An exact copy of the entries below is required, with all pictures removed.
### EXTRACTED INFORMATION
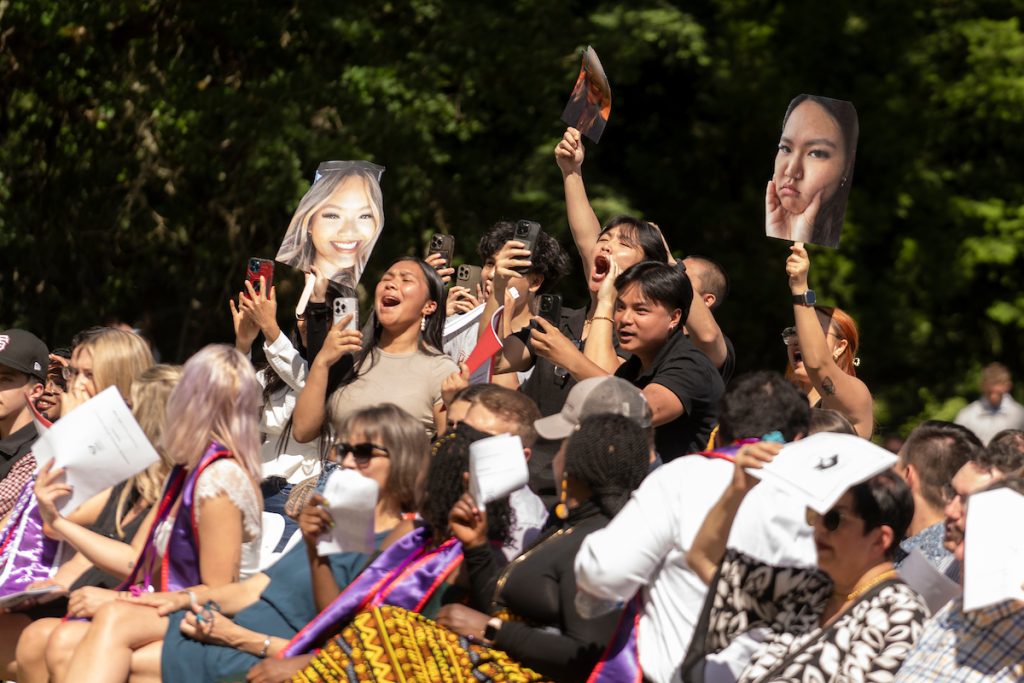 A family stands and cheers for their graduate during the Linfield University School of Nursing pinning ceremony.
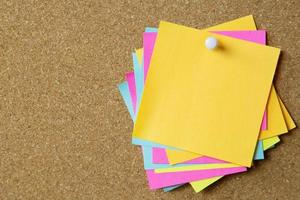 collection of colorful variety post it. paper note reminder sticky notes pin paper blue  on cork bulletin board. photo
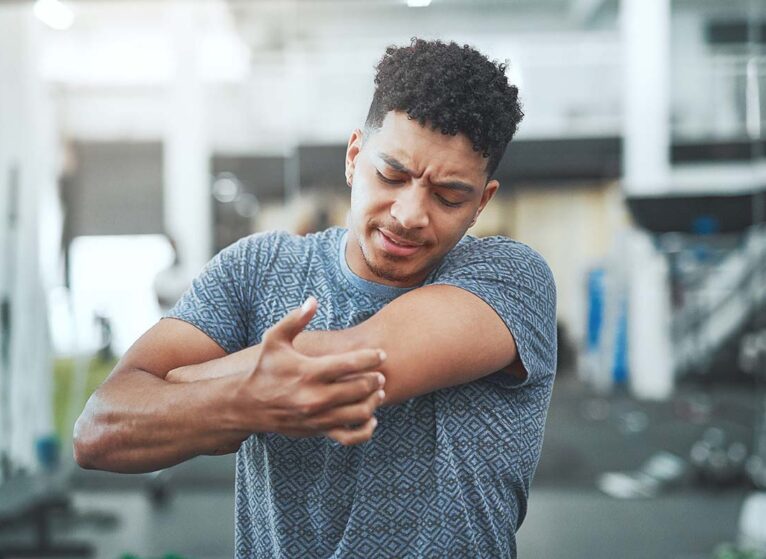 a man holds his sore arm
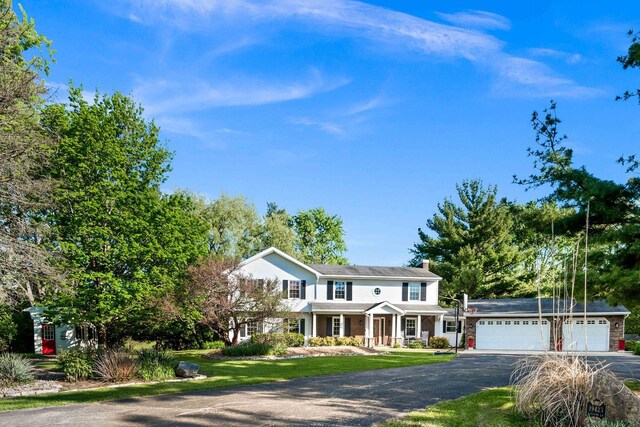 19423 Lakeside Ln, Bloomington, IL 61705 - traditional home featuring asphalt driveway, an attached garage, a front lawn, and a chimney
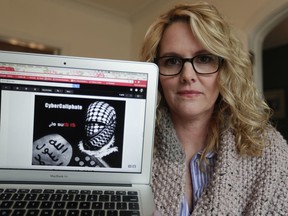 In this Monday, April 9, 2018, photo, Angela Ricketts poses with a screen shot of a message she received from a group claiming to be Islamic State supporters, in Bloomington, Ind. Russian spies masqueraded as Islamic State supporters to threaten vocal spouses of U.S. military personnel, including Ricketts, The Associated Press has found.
######
> **ANSWER FOR THIS EXERCISE**:
 A family stands and cheers for their graduate during the Linfield University School of Nursing pinning ceremony.
 collection of colorful variety post it. paper note reminder sticky notes pin paper blue  on cork bulletin board. photo
 a man holds his sore arm
 19423 Lakeside Ln, Bloomington, IL 61705 - traditional home featuring asphalt driveway, an attached garage, a front lawn, and a chimney
 In this Monday, April 9, 2018, photo, Angela Ricketts poses with a screen shot of a message she received from a group claiming to be Islamic State supporters, in Bloomington, Ind. Russian spies masqueraded as Islamic State supporters to threaten vocal spouses of U.S. military personnel, including Ricketts, The Associated Press has found.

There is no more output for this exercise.